O deputado Rogério Marinho, integrante da bancada evangélica e principal defensor do polêmico projeto de Escola sem Partido – propõe o parcelamento das férias em até três períodos e acaba com o princípio de grupo econômico para limitar possíveis reclamações dos trabalhadores exclusivamente à empresa que celebra o contrato direto com os funcionários, eximindo a holding e outras coligadas da responsabilização pelas possíveis ilegalidades cometidas pelo “patrão” direto.
Abaixo do mínimo
Para a Frente Associação da Magistratura e do Ministério Público (Frentas), que representa mais de 40 mil juízes, promotores e procuradores, inclusive do Trabalho, trata-se do maior projeto de retirada de direitos trabalhistas já discutido no Congresso Nacional desde a criação da CLT. Em nota assinada pelos presidentes de nove entidades, a frente aponta o risco de o trabalhador passar a receber até mesmo abaixo do salário mínimo.
“São criadas/ampliadas novas formas de contratos de trabalho precários, que diminuem, em muito, direitos e remuneração, permitindo, inclusive, pagamento abaixo do salário mínimo mensal, o que concorreria para o aumento dos já elevados níveis de desemprego e de rotatividade no mercado de trabalho”, destaca a frente em um dos trechos da nota em que pedem aos parlamentares que rejeitem a proposta.

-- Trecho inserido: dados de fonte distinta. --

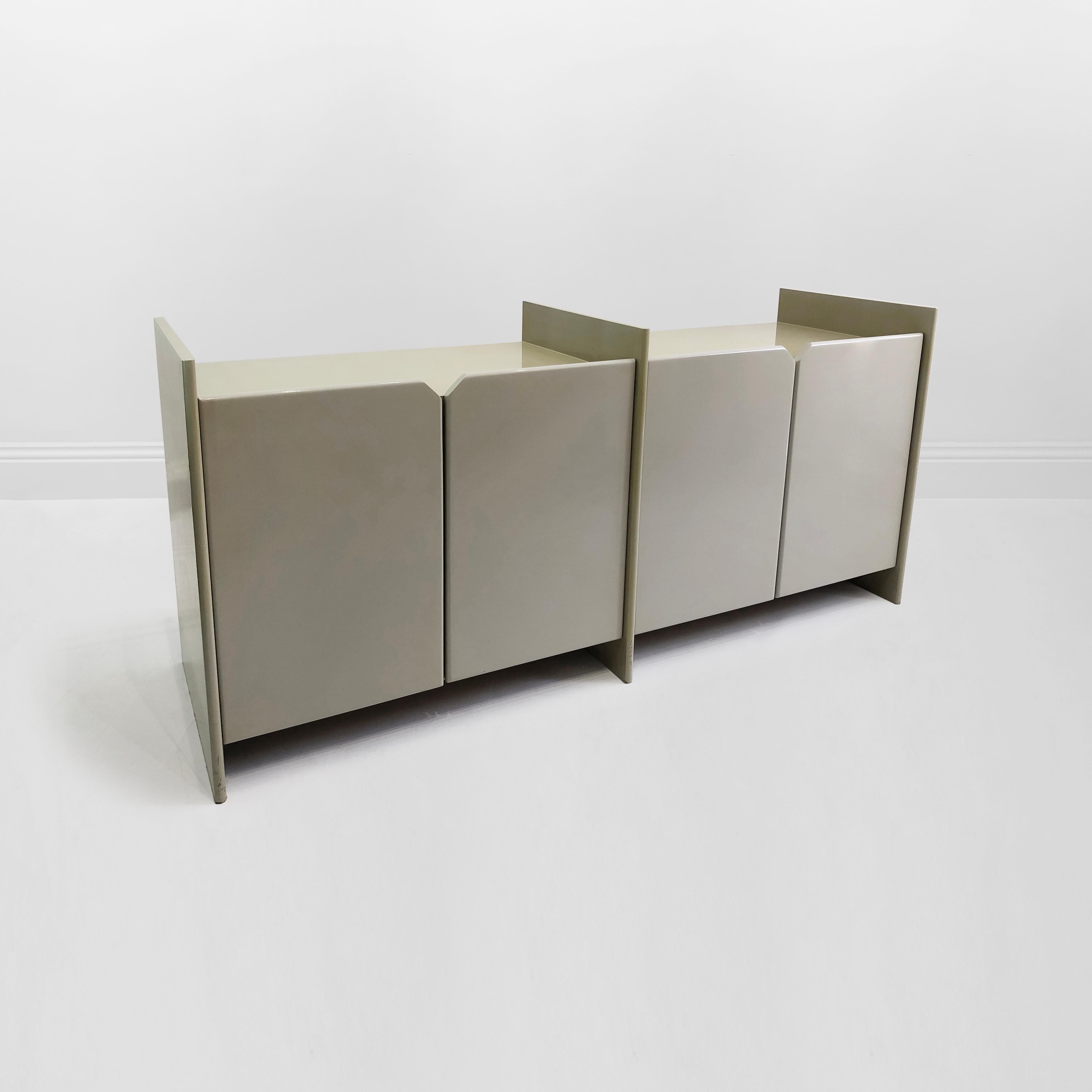 Powder-Coated Postmodern 1980s Memphis Lacquered Sideboard Italian Vintage Italian Cabinet For Sale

Segundo a Frentas, o substitutivo parte da ideia de que o trabalhador age de “forma ilícita e censurável” na relação processual, colocando a empresa como “ente sacrificado” por essas ações. Em pelo menos duas ocasiões o relatório nega aos trabalhadores a gratuidade processual: quando faltar à primeira audiência e quando as perícias tiverem resultado negativo, retirando dos juízes a possibilidade de exame caso a caso. “São hipóteses que mais parecem ameaças veladas para instrumentalizar passivos sancionatórios que a grande parte dos trabalhadores não teria como pagar, o que resultaria no desestímulo ao acesso à jurisdição e na elitização de uma Justiça reconhecidamente popular”, reclamam as entidades.
O projeto deverá ser votado entre quarta e quinta-feira em plenário e tem o apoio da maioria governista na Câmara. Depois dessa fase, a proposta irá ao Senado, onde o governo também tem maioria. Para virar lei, a reforma trabalhista só precisa ser aprovada por maioria simples dos presentes nas sessões de cada Casa legislativa.